The most popular arbitration institution is the Lebanese Arbitration Centre of the Chamber of Commerce, Industry and Agriculture of Beirut and Mount Lebanon, which administers national and international arbitrations under its own rules that were inspired by the 1998 ICC Rules.
Recently, the Beirut Bar Association established the Lebanese and International Arbitration Centre (LIAC-BBA), whose modern rules are in line with international arbitration practices.
It is worth noting that the International Chamber of Commerce and the Chartered Institute of Arbitrators also operate through their national committee (ICC) or local branch (CIArb).
The courts’ supportive and liberal arbitration policy
Following in the footsteps of French doctrine and jurisprudence, the Lebanese courts have proven to be lenient and innovative in their endeavour to uphold the arbitration agreements and awards.
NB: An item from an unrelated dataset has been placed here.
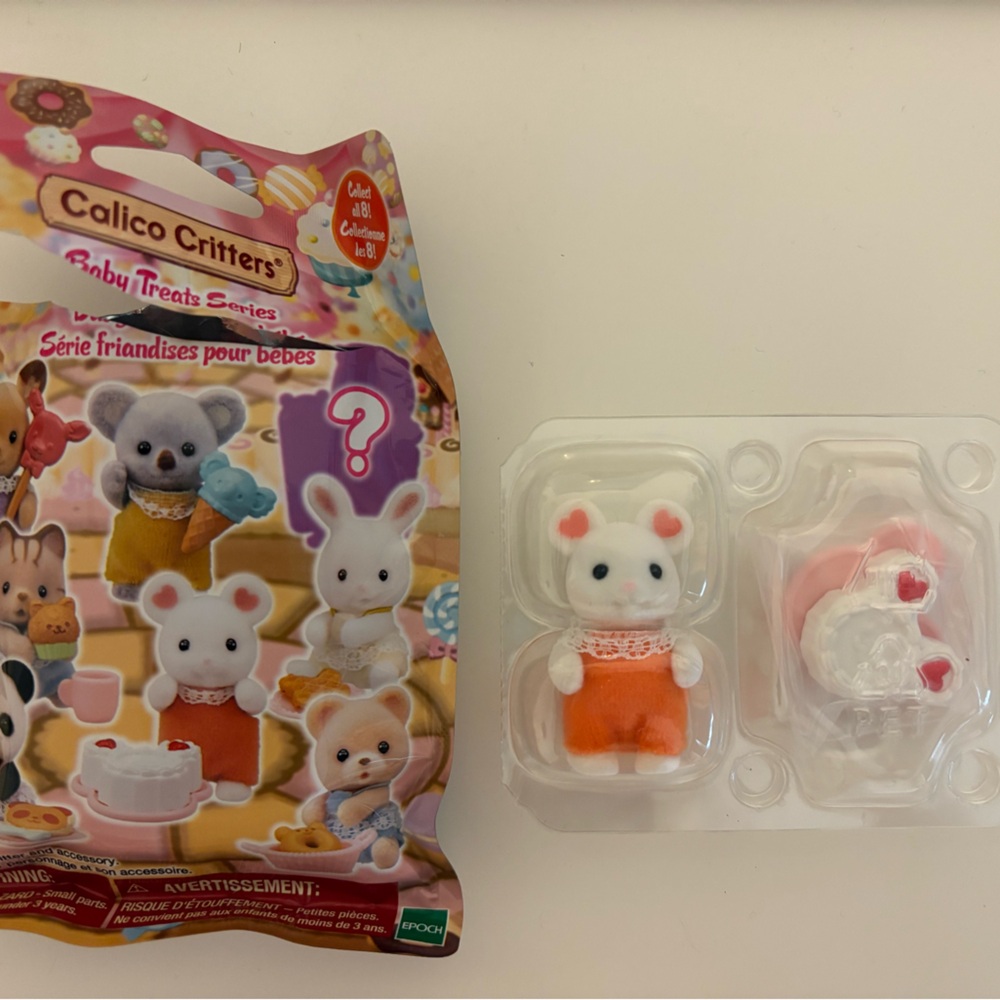 Calico Critters Baby Treats Series Figure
National courts do not interfere in the arbitral process
The courts play a role in the arbitral process insofar as they assist the parties in overcoming any impediments to upholding their consent to arbitrate without examining the merits of the dispute.89 Examples include instances where the court is requested to appoint an arbitrator or an additional one,90 to rule on a challenge of an arbitrator,91 or to extend the time limit for the award issuance.92
The arbitral tribunal shall request the competent courts to impose sanctions against a defaulting witness or to issue letters rogatory.93
As necessary within the scope of application of international arbitration rules, Beirut courts shall substitute for the court of the seat of arbitration abroad.94
The Lebanese jurisprudence did not offer the judiciary any advantage over the arbitrators.95 By contrast, the Court of Cassation affirmed the principle of non-interference of national courts in the arbitration procedure and held that the courts are not entitled to grant anti-suit injunctions preventing the arbitral tribunal from assuming jurisdiction.96
Recourse against international arbitral awards
Indirect recourse against an arbitration award made abroad is available via appeal of the decision on the recognition or exequatur of the said award.97 On the other hand, the only possible remedy against international arbitral awards made in Lebanon is the action for setting aside.
Limited grounds for setting aside
The action for setting aside an international arbitration award shall be based on the same grounds set out for appeal of the decision granting recognition or exequatur to awards made abroad or international awards made in Lebanon, namely where:
- the award was made in the absence of an arbitration agreement or on the basis of an agreement that is null or void due to the expired time limit for rendering the award;
- the award was made by arbitrators not appointed in accordance with the law;
- the award was made ultra petita;
- the award was made without due regard to the rights of defence; and
- the award violated a rule of international public policy.98
The action for setting aside shall be filed before the Court of Appeals within 30 days from the notification of the award granted exequatur.99 The Court of Appeals’ decision is subject to cassation except if the award was rendered by amiable composition unless such award was set aside.100
The Lebanese courts have adopted a narrow approach regarding grounds for setting aside international arbitral awards. Courts even established self-governing principles to deal with these grounds in a way to prevent the award from being set aside. Some of these guiding principles will be briefly illustrated here below.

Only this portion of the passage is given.